Donuts (first attempt, not tested/completed recipe yet)

I have a little bit of a fixation on donuts.

If you think about it, donuts are mostly air. This is what makes a truly evil donut. While being full of sugar and simple carbohydrates and (often hydrogenated, unnatural) fats, the bulk of a donut is nothing, just air, which will enable you to eat an irresponsible amount of them before realizing it was too many. Which can be bad. But the good thing about donuts is that there's pretty much always room for one. I have a pretty good vegan beignet recipe that also lends itself well to proper, circular tori.












I'd finally gotten the time and motivation to update the baking blog, but unfortunately I was at home, not at work, and didn't have the proper vegan-y substitution ingredients I'd normally been resorting to (egg replacer powder, mostly).

"To which I'd normally been resorting."

I thought about it and it's really not my style to resort to things like that anyway, and it was about time to find a more legit way to approximate eggs in my donut recipe.



I googled around for different recipes. I pulled up the original beignet recipe I'd based mine on, another vegan beignet recipe, a tried and true traditional donut recipe, and then, just for a lark, a sourdough/starter/natural yeast recipe one. I have access to a pretty sweet, healthy little starter right now, and I'm supposed to be dumping out a bunch of it and feeding/replacing it every day anyway, so I figured I'd do the right thing and use some of the discarded portion.

My awkward notes:



To find a base recipe to work on and improve on, I took an average of the four recipes and came up with this:

110g water
20g tapioca balls

Cook these on the stove, stirring constantly. Tapioca pearls will find any opportunity to stick to a pan and just stay there, forever. Cook until completely translucent.

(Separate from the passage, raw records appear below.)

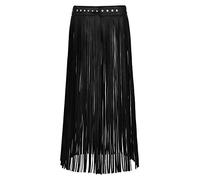 Zaldita Women's Faux Leather Fringe Dress Gypsy Style Adjustable Waistband Tassel Belt Skirt Black L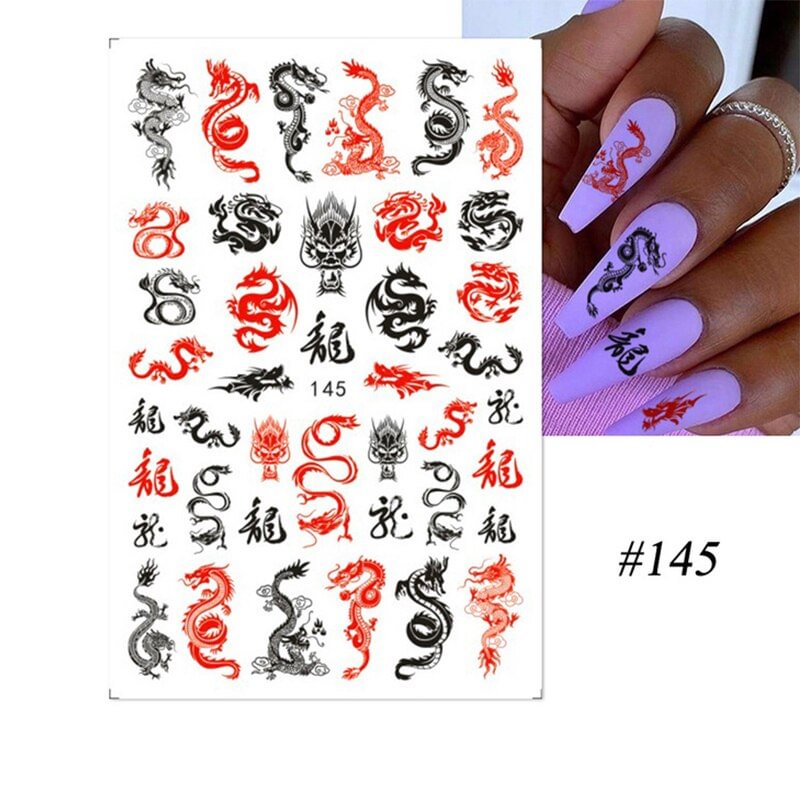 Nail Stickers Back Glue Colored Chinese Elements Dragon Snake Girl Designs Nail Decal Decoration Tips For Beauty Salons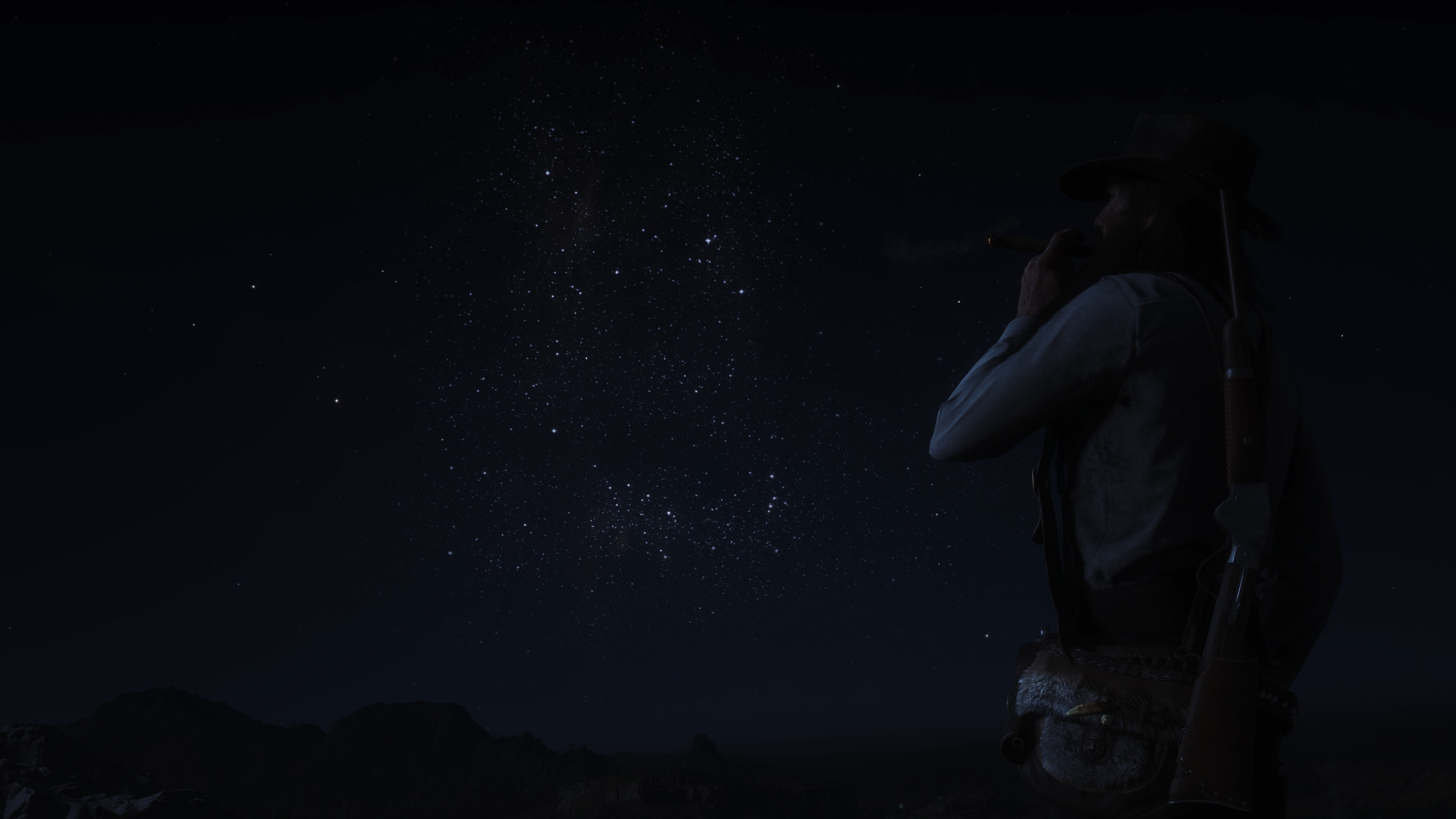 Man smoking cigar under starry sky in Red Dead Redemption 2 HD Wallpaper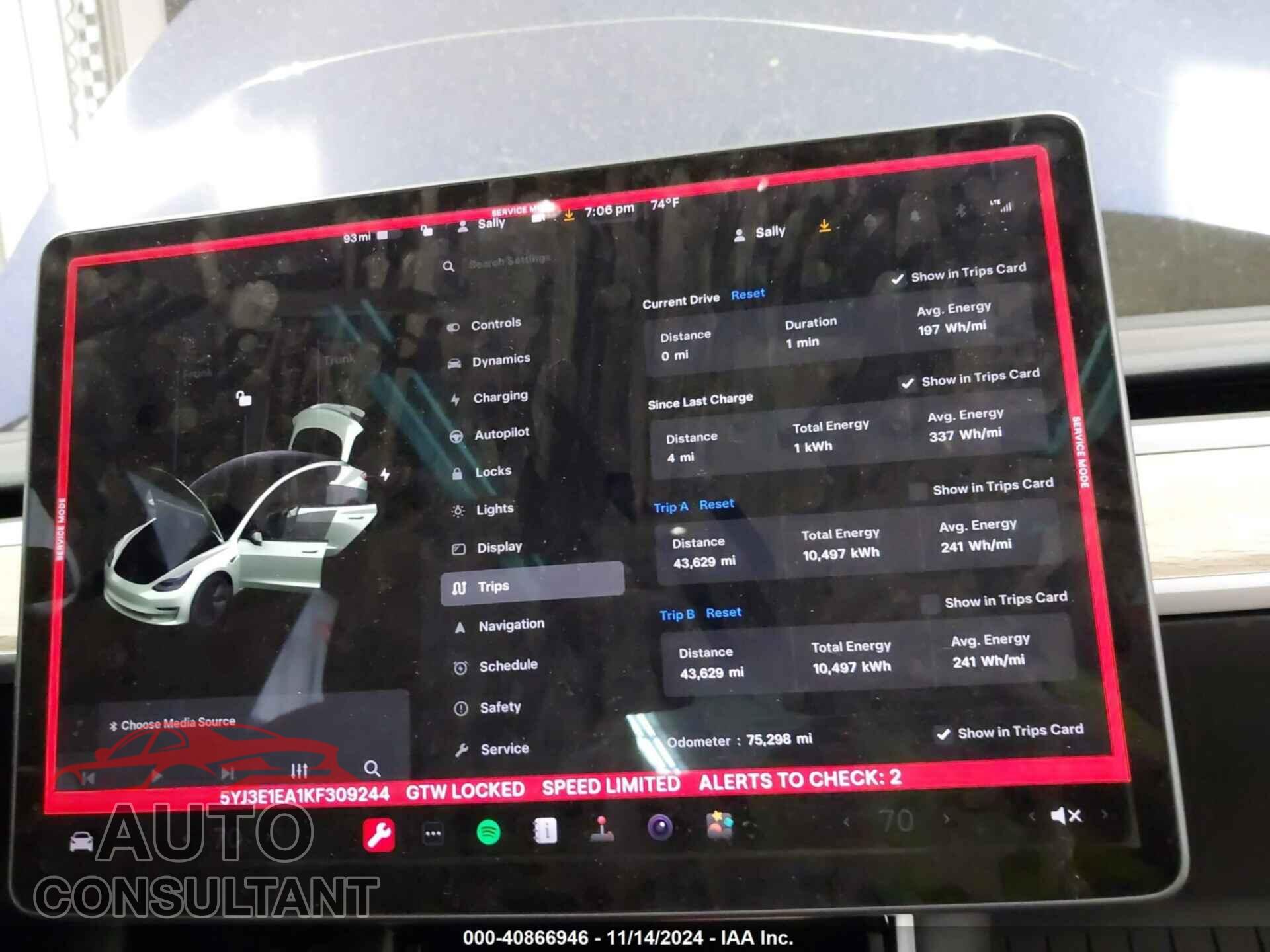 TESLA MODEL 3 2019 - 5YJ3E1EA1KF309244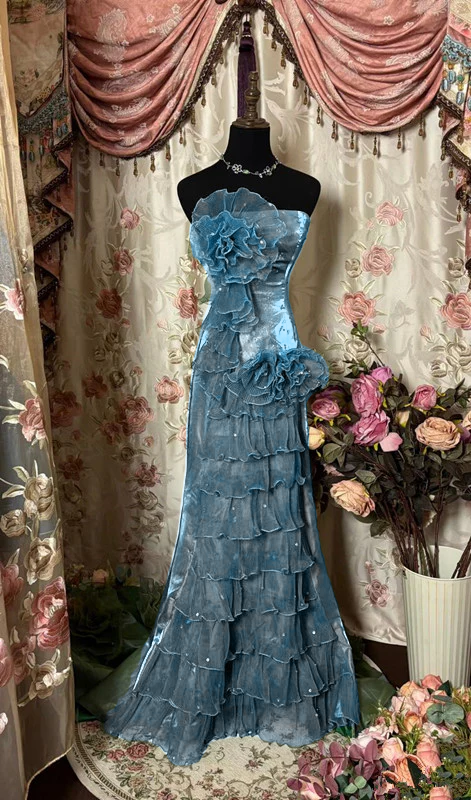 Green Strapless Long Prom Dress,Long Evening Gowns           fg7146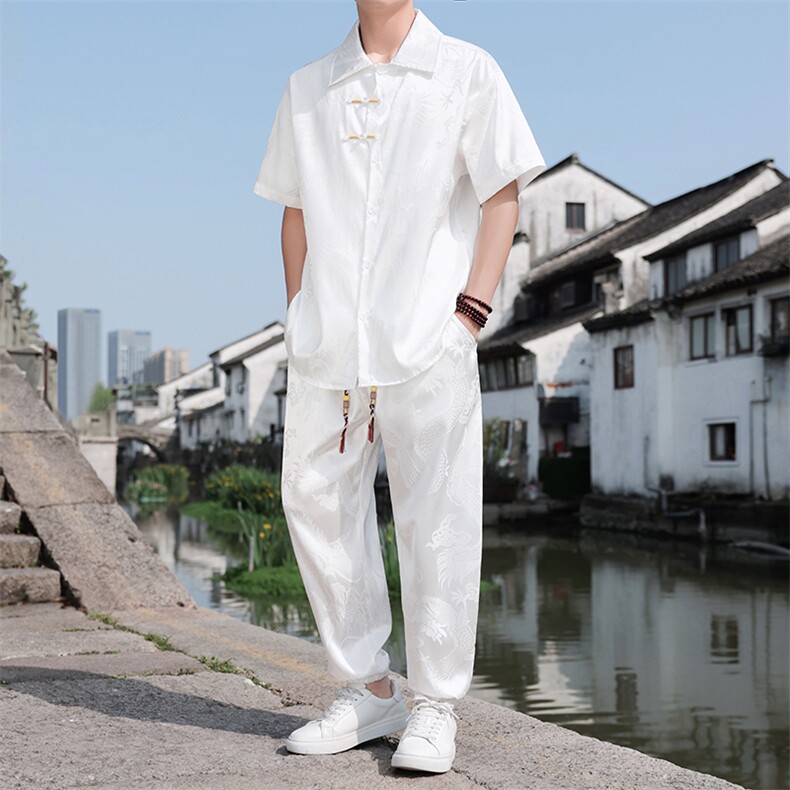 夏季冰丝风男士套装龙纹提花衬衫两件套A266-1-TZ250185-P70图片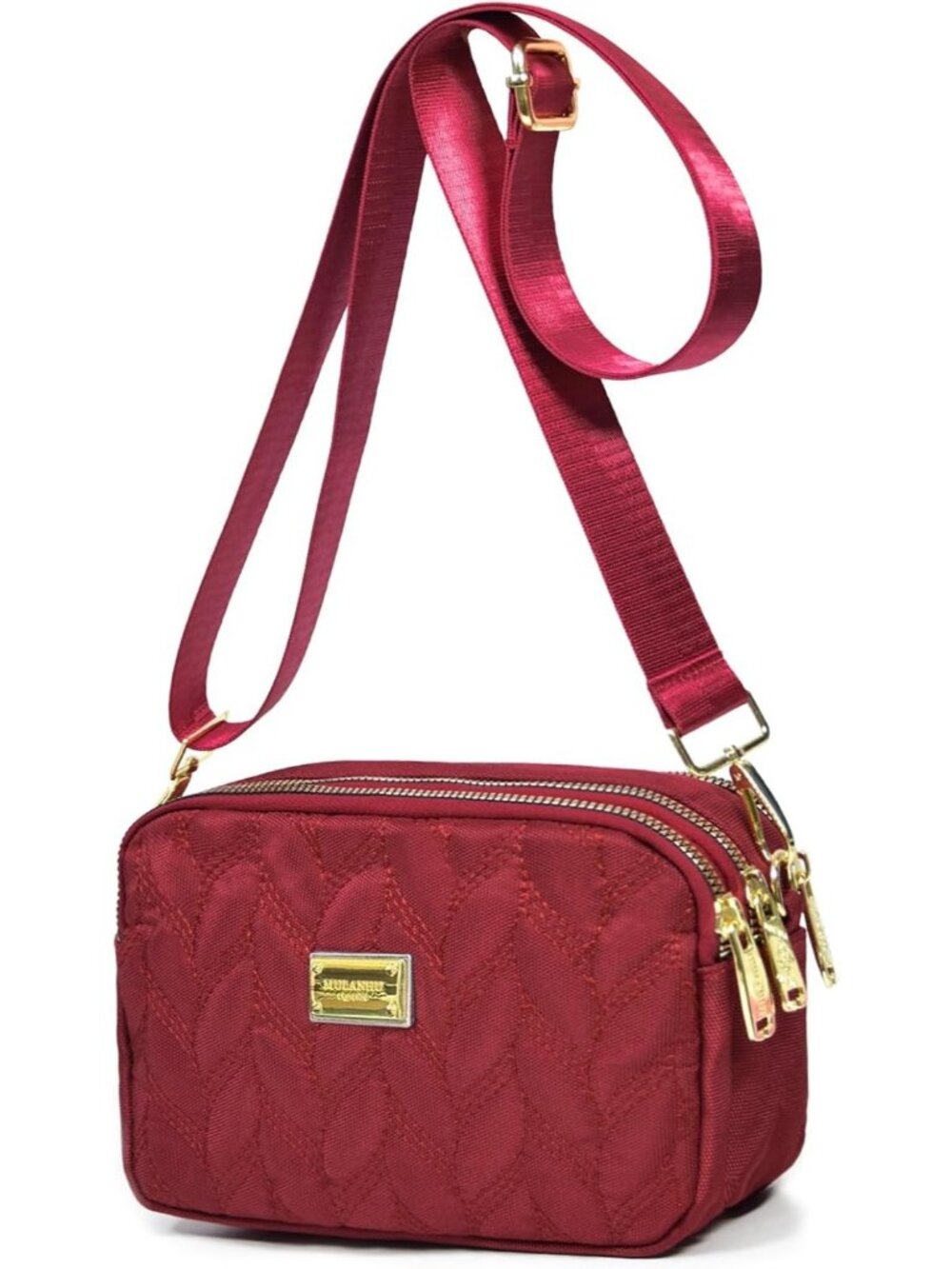 Women's Red Lightweight Quilted Crossbody Small Purses Nylon Shoulder Bag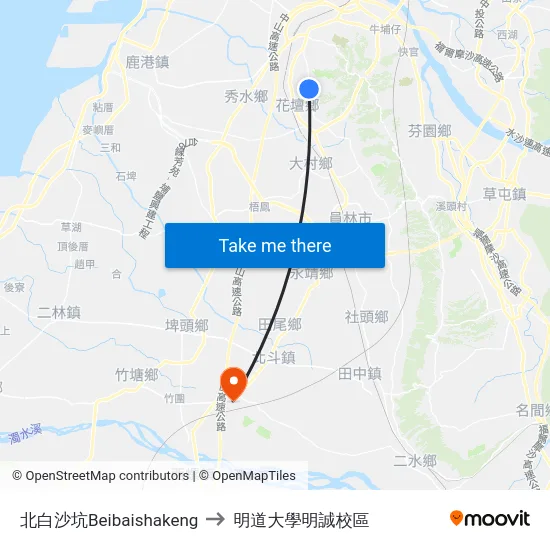 北白沙坑Beibaishakeng to 明道大學明誠校區 map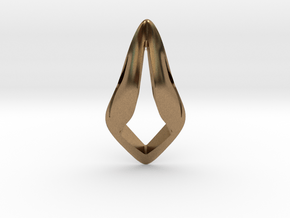Floating Free Z, Pendant. Smooth Shaped for Perfec in Natural Brass
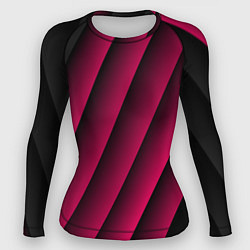 Рашгард женский Red Stripe 3D Красные полосы, цвет: 3D-принт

Add 230g coconut cream. I chose coconut cream over coconut milk so that the added richness will make up for the absence of the richness of egg yolk.


Now add 5g cornstarch.

I used an immersion blender... a regular blender would probably work, but you'd have to return it to the pan in a sec. I blended until thick and unctuous and gummy. Then I cooked until boiling, so that I just had a big old pot of thick starchy gummy liquid. Most commercial egg replacers are combos of potato starch, tapioca starch, sometimes cornstarch, and leaveners. I figured using this paste as some of the liquid portion of my recipe would replace at least the binding and fat properties of the egg, and I'd just compensate for leavening with starter and baking powder.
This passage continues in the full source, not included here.